**INPUT RECORDS**

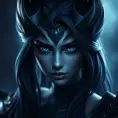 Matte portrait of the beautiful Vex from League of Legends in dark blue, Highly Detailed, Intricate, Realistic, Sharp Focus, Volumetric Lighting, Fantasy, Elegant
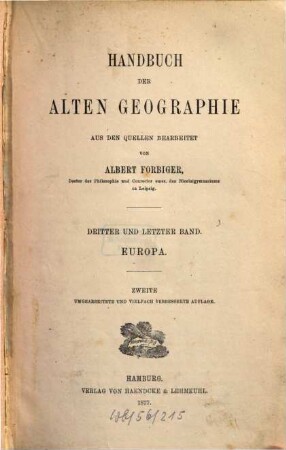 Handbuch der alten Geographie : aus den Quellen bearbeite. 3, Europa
==
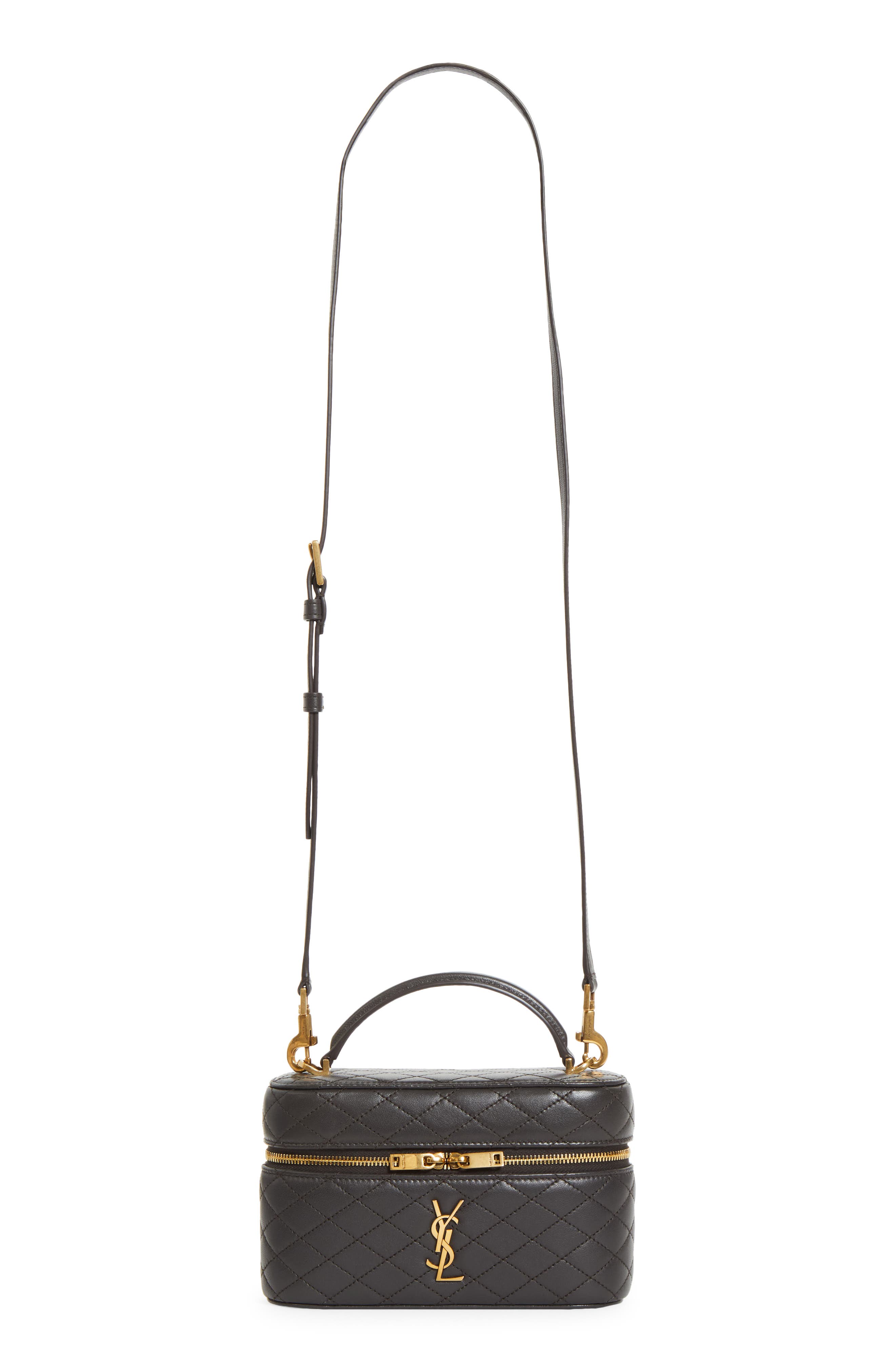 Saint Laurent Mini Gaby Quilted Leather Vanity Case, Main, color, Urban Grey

**TASK PROMPT**
With the pictures omitted, restate word for word the lines above from the line that has "Matte portrait of" up to and including the line that has "Handbuch der alten", and no other lines.

**RESULT FOR THIS TASK**
 Matte portrait of the beautiful Vex from League of Legends in dark blue, Highly Detailed, Intricate, Realistic, Sharp Focus, Volumetric Lighting, Fantasy, Elegant
 Handbuch der alten Geographie : aus den Quellen bearbeite. 3, Europa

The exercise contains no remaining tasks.